Requirement → The required result is an exact copy of every line from the one with "Photo of 2025 Red Chevrolet Colorado" through the last line below, with the pictures left out.

Input records →
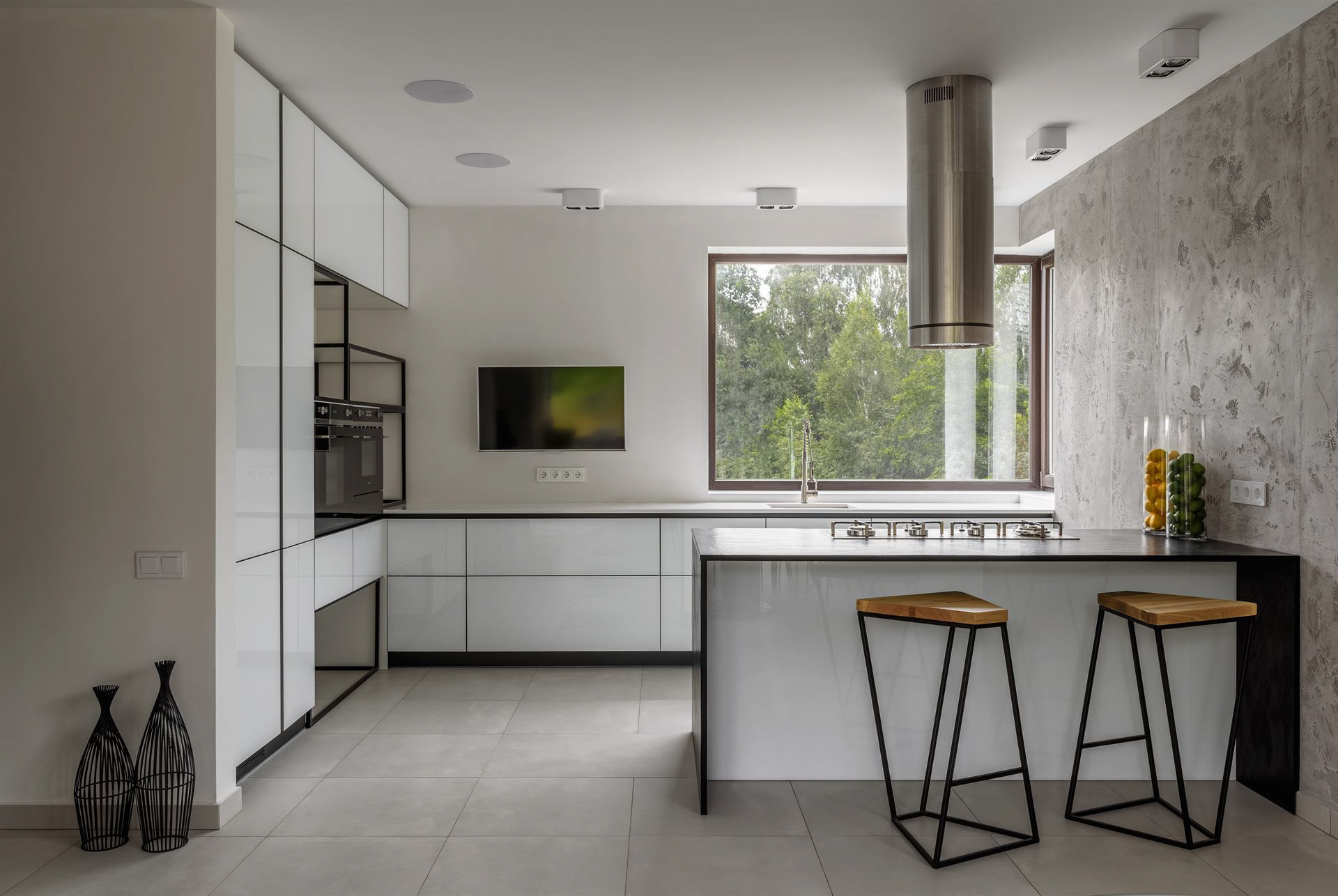 зйомка кухонного інтер'єру у місті Долина для портфоліо студії дизайну — фотограф інтер'єру та архітектури західна Україна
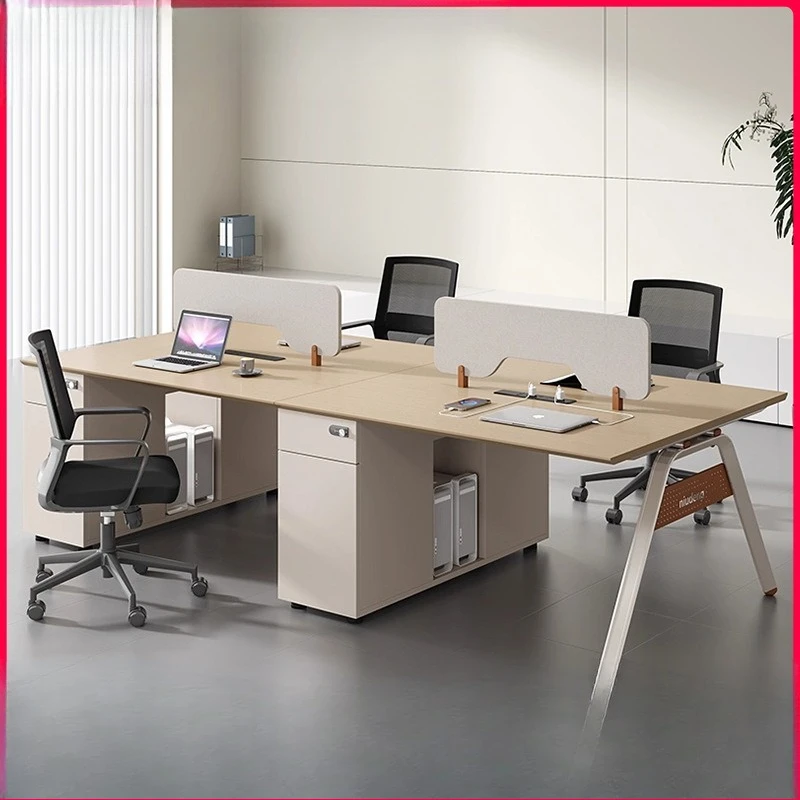Staff seat Office desk and chair combination Simple modern screen Workstation Card seat Office furniture Staff computer desk
Staff seat Office desk and chair combination Simple modern screen Workstation Card seat Office furniture Staff computer desk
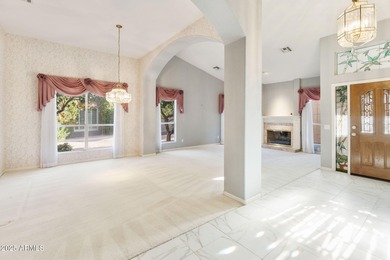 Impressive Borgata model with a large casita and spectacular on Oakwood Golf Club  in Arizona - for sale on GolfHomes.com, golf home, golf lot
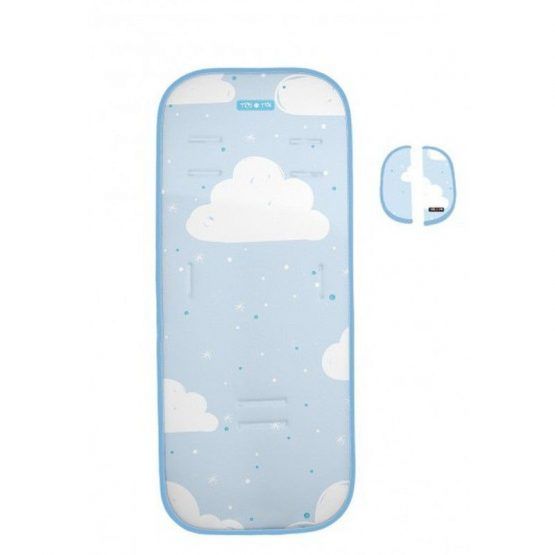 Colchoneta Silla Nubecillas de Tris & Ton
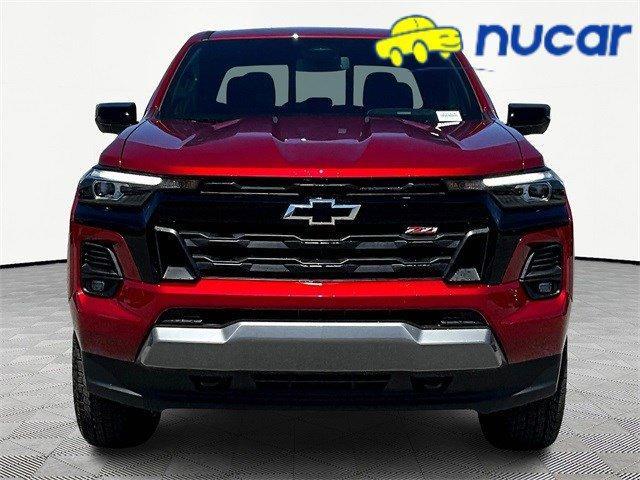 Photo of 2025 Red Chevrolet Colorado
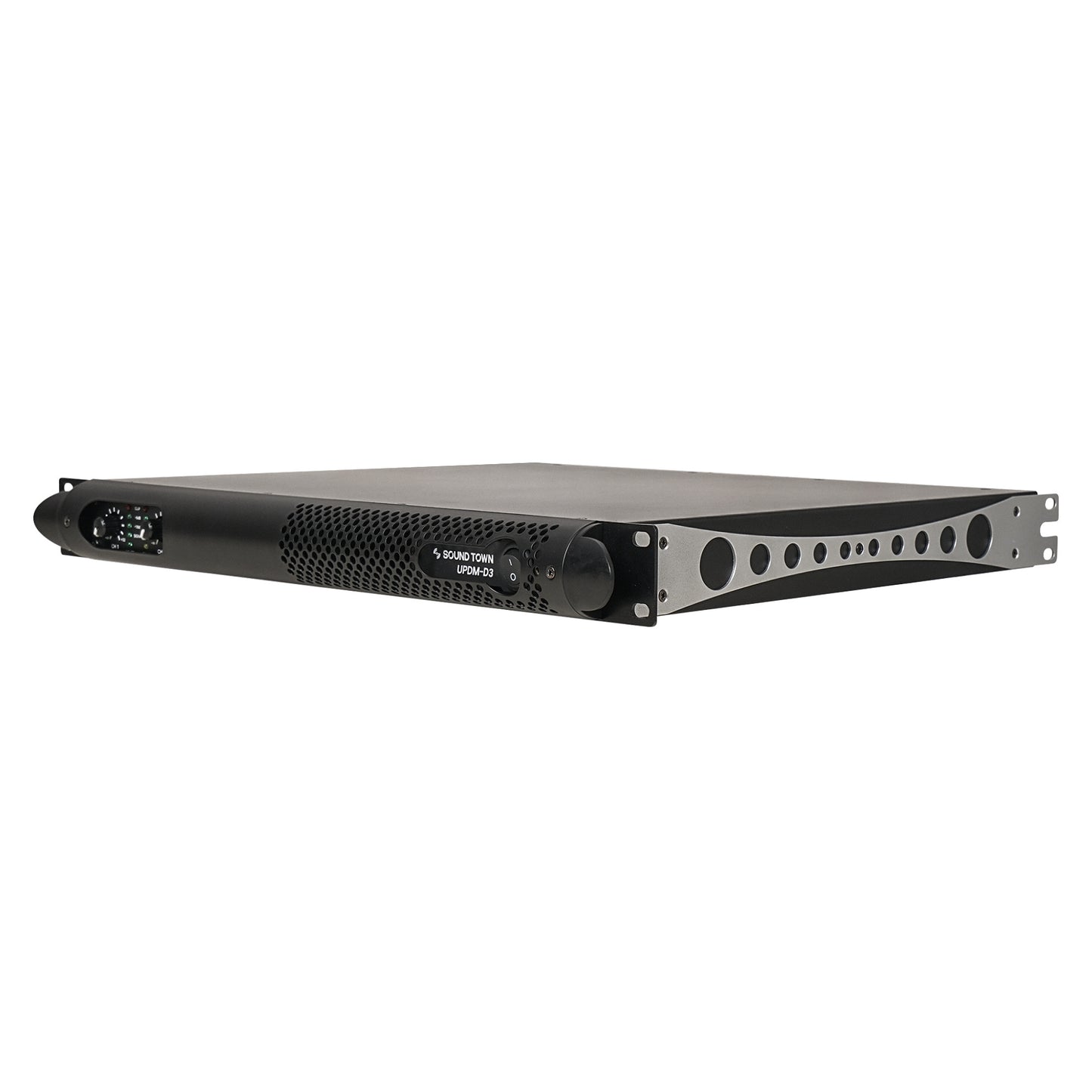 PowerWorks UPDM-D3 2 Channel PA/DJ Amplifier [Enquire for Pricing]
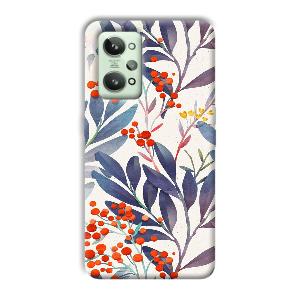 Cherries Phone Customized Printed Back Cover for Realme GT 2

Final answer →
 Photo of 2025 Red Chevrolet Colorado
 PowerWorks UPDM-D3 2 Channel PA/DJ Amplifier [Enquire for Pricing]
 Cherries Phone Customized Printed Back Cover for Realme GT 2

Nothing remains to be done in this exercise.